Bem cedinho, pelo calçadão, tomei a praia da Ponta Verde, quase deserta naquele horário, até o fim da praia de Cruz das Almas, pouco antes de Jacarecica. As praias de Maceió continuavam bonitas apesar de urbanizadas e de muita sujeira. Não do sargaço, característico da região, mas do lixo lançado pelos usuários. Sem falar nas tubulações sanitárias despejando esgoto fétido diretamente nas areias.
Os banhistas, sobretudo os turistas, se aglomeravam nos trechos em frente aos grandes hotéis, deixando extensos vazios na areia. Bares, restaurantes, quiosques de tapioca, coco, lanches, sucos, bem cuidados, se estendiam regularmente ao longo das praias da Ponta Verde e Jatiúca. Após a Lagoa da Anta, caía bastante o movimento e as ofertas de comes e bebes. O que não significava melhores praias. O trecho da praia de Cruz das Almas encontrava-se degradado, sujo, com calçadas arrebentadas, construções inacabadas atrás da avenida. Aquele pedaço fora abandonado à própria sorte.
Mais ao norte aumentavam os coqueirais, remetendo, aparentemente, a praias mais desertas e preservadas. Ledo engano. No patamar dos morros chapados, tão tradicionais em Maceió, ocupando extensa faixa atrás dos coqueirais, bem próximo da praia, havia um enorme lixão. E ativo. Ativíssimo. Caminhões de lixo despejavam toneladas de resíduos sólidos, disputados a tapa pelos urubus e pelos catadores miseráveis. Tudo isso próximo e perfeitamente visível de vários pontos da praia, uma das principais fontes de renda do município. Mais que isso, o lixão expunha a miséria e o descaso socioambiental a que foi jogada a população da cidade. Enquanto os turistas permaneciam no máximo uma semana na cidade e arredores, os moradores de Maceió conviviam com aquela catástrofe social todos os dias do ano.

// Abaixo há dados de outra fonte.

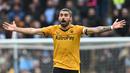 Reaksi kecewa gelandang Wolverhampton Wanderers, Ruben Neves saat menghadapi Manchester City pada laga Liga Inggris 2022/2023 di Etihad Stadium, Manchester (22/1/2023). Ruben Neves didatangkan Wolverhampton Wanderers dari FC Porto pada awal musim 2017/2018. Jabatan kapten tim baru sandangnya pada awal musim 2022/2023 menggantikan Conor Coady. Setelah 6 musim, ia meninggalkan Wolves untuk membela klub Arab Saudi, Al Hilal mulai musim 2023/2024. (AFP/Paul Ellis)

Por outro lado, cartazes instalados nos bairros nobres de Ponta Verde, Jatiúca e Pajuçara alardeavam o número recorde de turistas na cidade durante o ano anterior. Tudo ia muito bem, obrigado!

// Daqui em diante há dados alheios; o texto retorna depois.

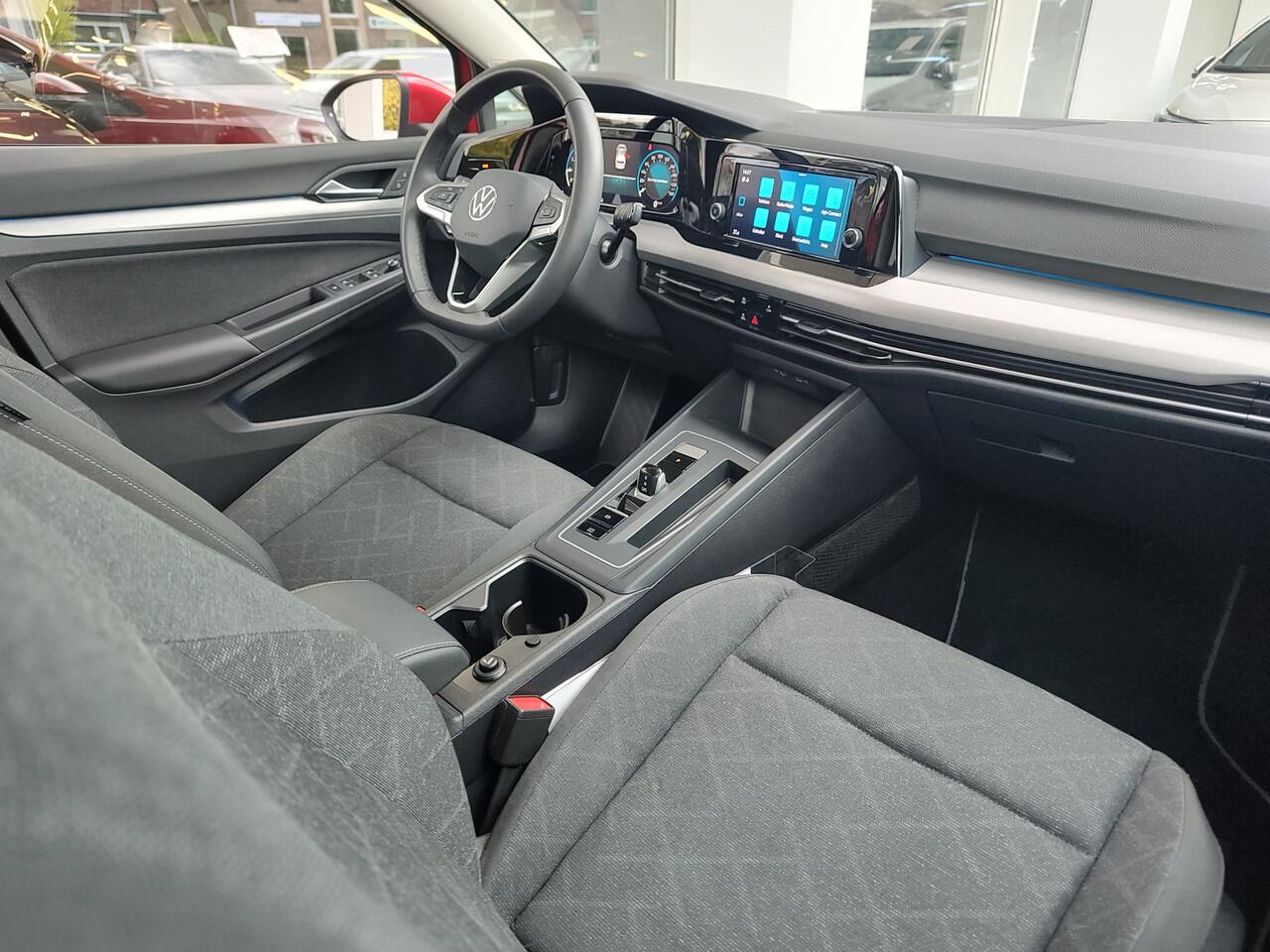 Volkswagen GOLF 1.0 eTSI LIFE AUTOMAAT nú een SUPERDEAL! | Virtual Cockpit | Carplay/Android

Retornei caminhando pela praia, ali no final das ondas, refrescando os pés na água do mar. Parei em bar e restaurante aberto do trecho mais movimentado da praia da Ponta Verde e me instalei em mesa sombreada e com boa visão da paisagem natural e humana. Deixei o tempo passar vagarosamente. Comi sururu ensopado com leite de coco. Detonei duas caipirinhas, encerrando com suco de pitanga.

Na manhã seguinte caminhei no sentido das praias de Sete Coqueiros e Pajuçara, esta animada pelas vendas de artesanato, pelo ponto de partida dos passeios de jangada às piscinas de corais. A Pajuçara ainda guardava casas, térreas ou em sobrados, mas predominavam os edifícios de luxo, envidraçados, de poucos andares.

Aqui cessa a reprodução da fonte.